Каждый сочинитель литературных мемуаров произвольно или непроизвольно «оставляет за собой» тех, с кем свела его беззастенчивая судьба. «Курсив мой» оставляет за собой «Петербургские зимы», автору которых как бы сказано: «Ты этого хотел, Жорж Данден!» Берберова разлила в своих мемуарах немало тонкого яда, настоянного на личной искренности чувств и зримой вещественности описываемых событий. Но даже и искренности мемуаристов следует верить с большой натяжкой. Ибо чувствами своими они не только не владеют, но, наоборот, предаются им без оглядки. Порой и с расчетом на эту безоглядность.
И все же к подобным аттестациям современников историк обязан прислушиваться: литературная ненависть хорошего мастера бывает зорче его же дружелюбной снисходительности.
Собственно, и в приведенном отрывке не набрано ли «курсивом»: «а судьи кто?», кому дозволено судить поэта? И не его ли дело переступать границы дозволенного и недозволенною?
Берберовским курсивом Георгий Иванов подведен под увеличительное стекло талантливою препаратора, сделавшего вид, что микробы, кишащие в каждой капле свежей воды, и есть состав этой воды.

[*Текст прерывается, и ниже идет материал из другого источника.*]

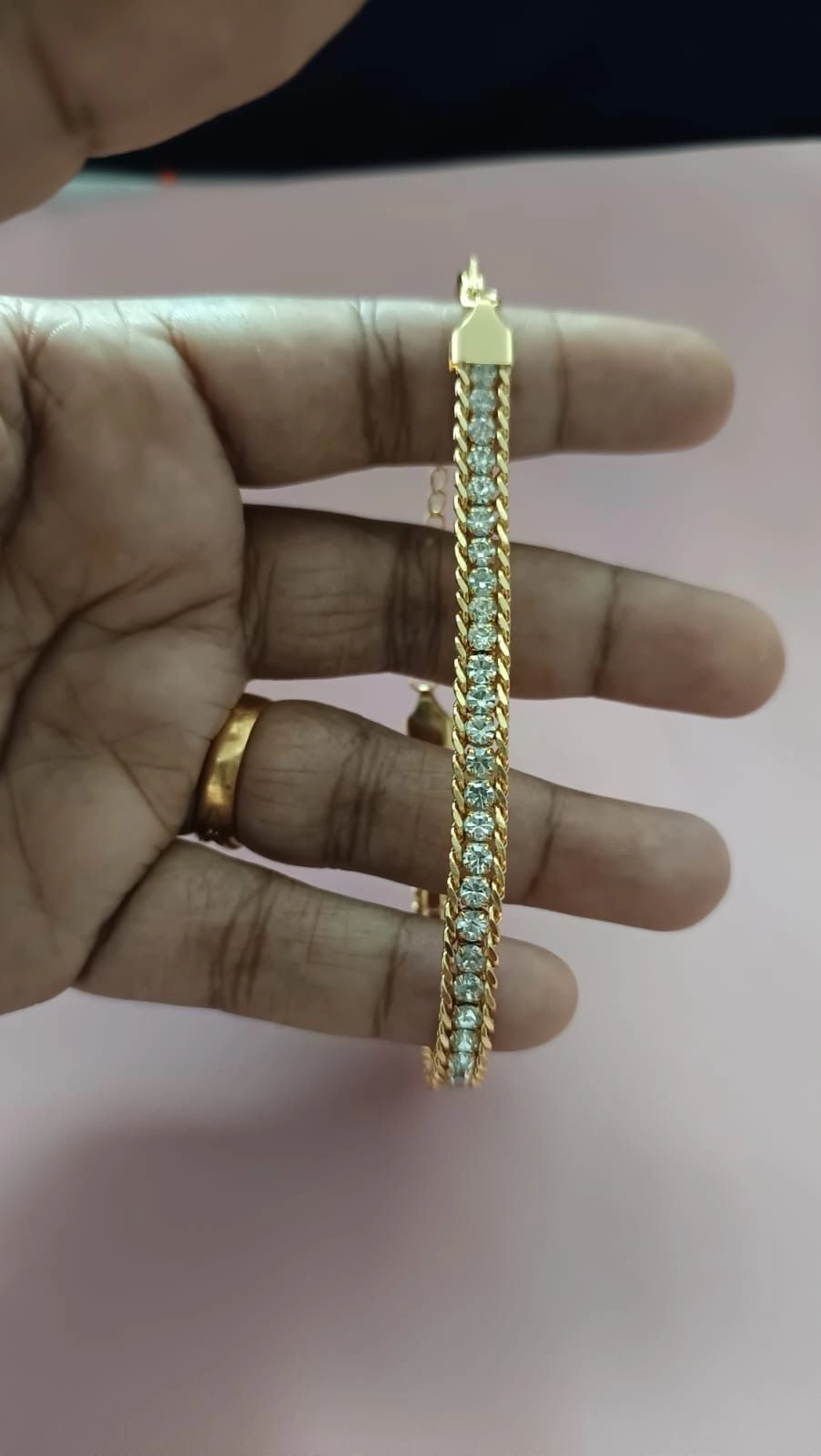 Gold-Plated Crystal Stone Bracelet 3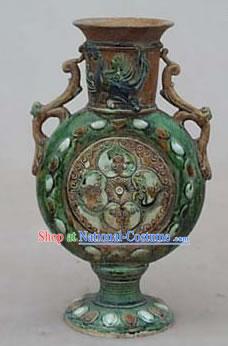 Chinese Classic Archaized Tang San Cai Statue-Twin Phoenix Shaped Handle Flat Jar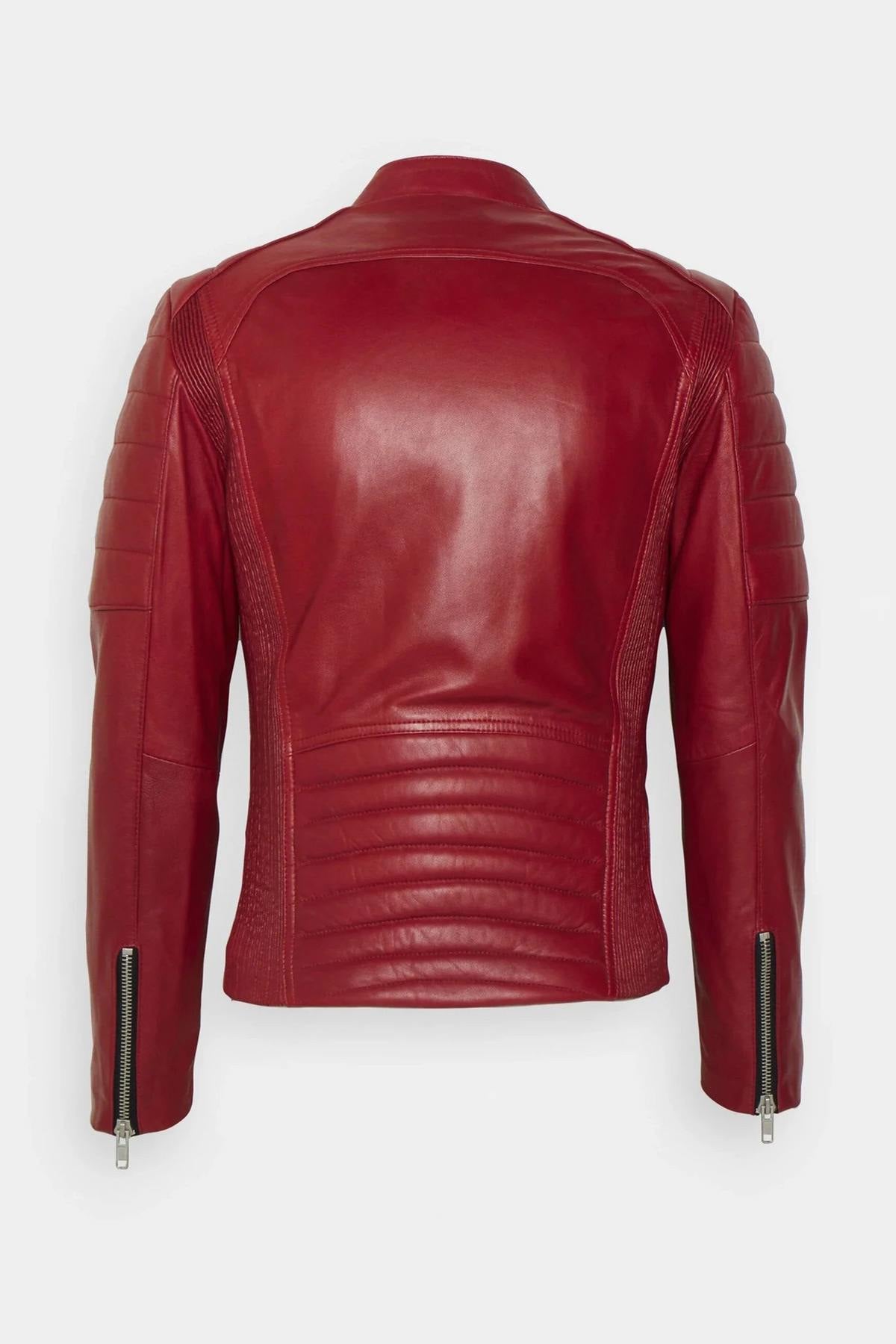 Men's red leather padded jacket - Image n°2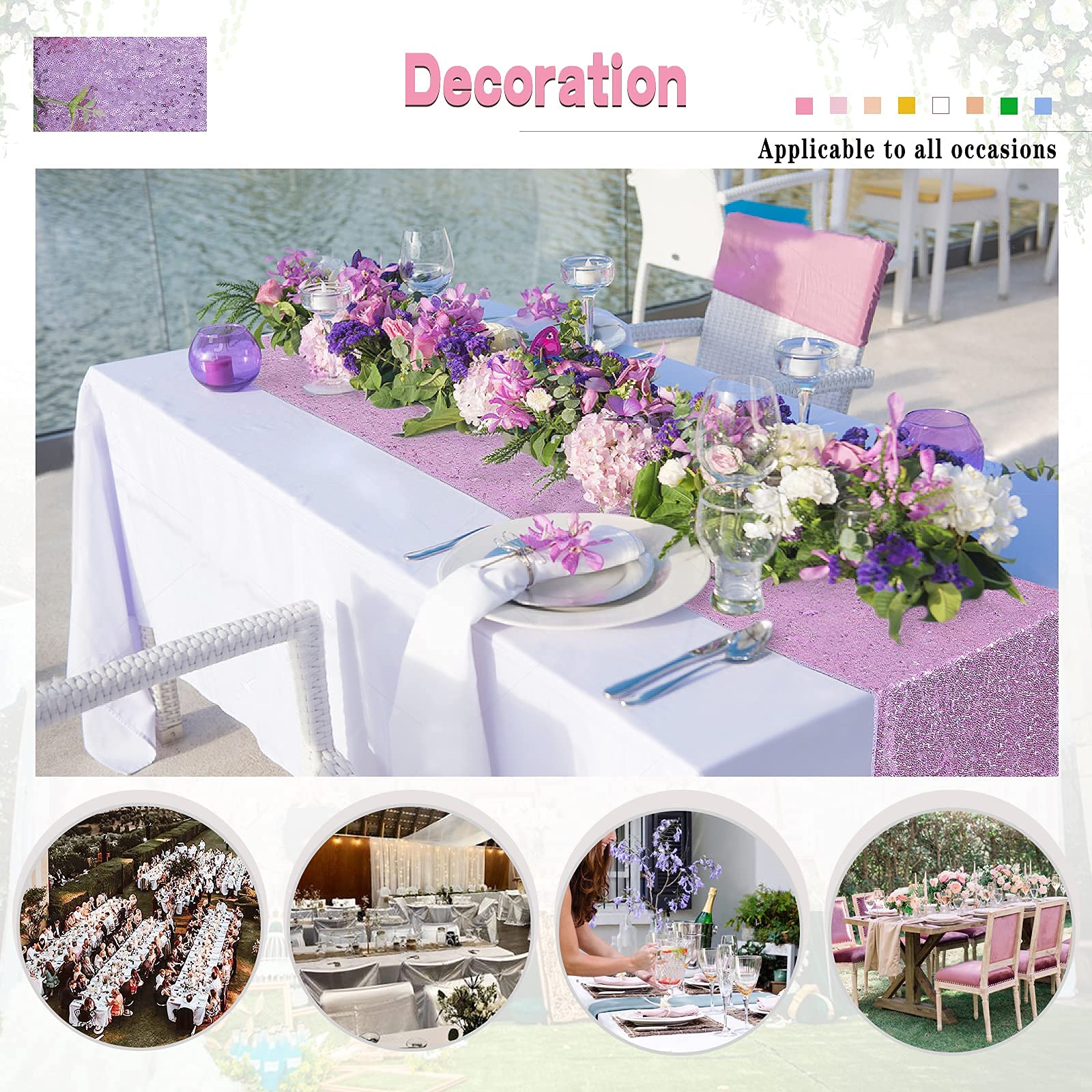 B-Cool Purple Table Runners 4 Pack 12X72 Inch Sequin Lavender Runner For Tables Halloween Party Decor Christmas Holiday Birthday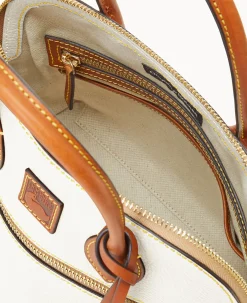Dooney & Bourke The Pebble Grain Collection|Ready For the Getaway<Pebble Grain Domed Satchel White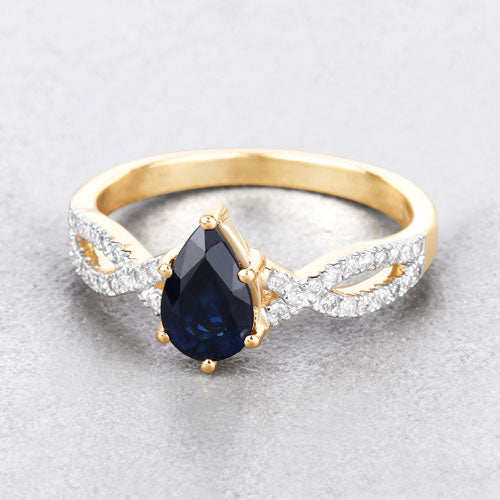 1.14 Carat Genuine Blue Sapphire and White Diamond 14K Yellow Gold Ring by Bids.com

Под именем «Георгий Иванов» в ее книге представлен тот же тип поэта, что изображен в «Петербургских зимах» как «Александр Тиняков». Только с гораздо большей авторской заинтересованностью: как бы ненароком «сочувствующей» мемуаристке открывается «горькая правда».
Для Георгия Иванова Тиняков — один из характерных персонажей «серебряного века», изучивший «все», «от клинописи до гипнотизма», но с нарочитой разорванностью, несовместимостью начал — «поэтического» и «антипоэтического», «пристойного» и «непристойного»:
«„Бродячая собака". За одним столиком сидят господин и дама – случайные посетители. „Фармацевты", на жаргоне „Собаки". Заплатили по три рубля за вход и во все глаза смотрят на „богему".
Мимо них неверной походкой проходит Тиняков. Останавливается. Уставляется мутным взглядом. Садится за их стол, не спрашивая. Берет стакан дамы, наливает вина, пьет.
„Фармацевты" удивлены, но не протестуют. „Богемные нравы… Даже интересно…"
Тиняков наливает еще вина. „Стихи прочту, хотите?" <…>
Любо мне, плевку-плевочку,
По канавке проплывать,
Скользким боком прижиматься…[28]
– Ну, что… Нравится? — Как же, очень! — А вы поняли? Что же вы поняли?..
Господин мнется. — Ну… это стихи… вы говорите… что вы плевок… и…
Страшный удар кулаком по столу. Бутылка летит на пол. Дама вскакивает, перепуганная насмерть. Тиняков диким голосом кричит:
– А!.. Я плевок!.. Я плевок!., а ты…»
Берберова, в отличие от большинства читателей «Петербургских зим», понимала, что в «мемуарах» этих главное — художественная, а не фактологическая выразительность. По ее свидетельству, сам же автор ей и признался: в этой книге «семьдесят пять процентов выдумки и двадцать пять — правды ».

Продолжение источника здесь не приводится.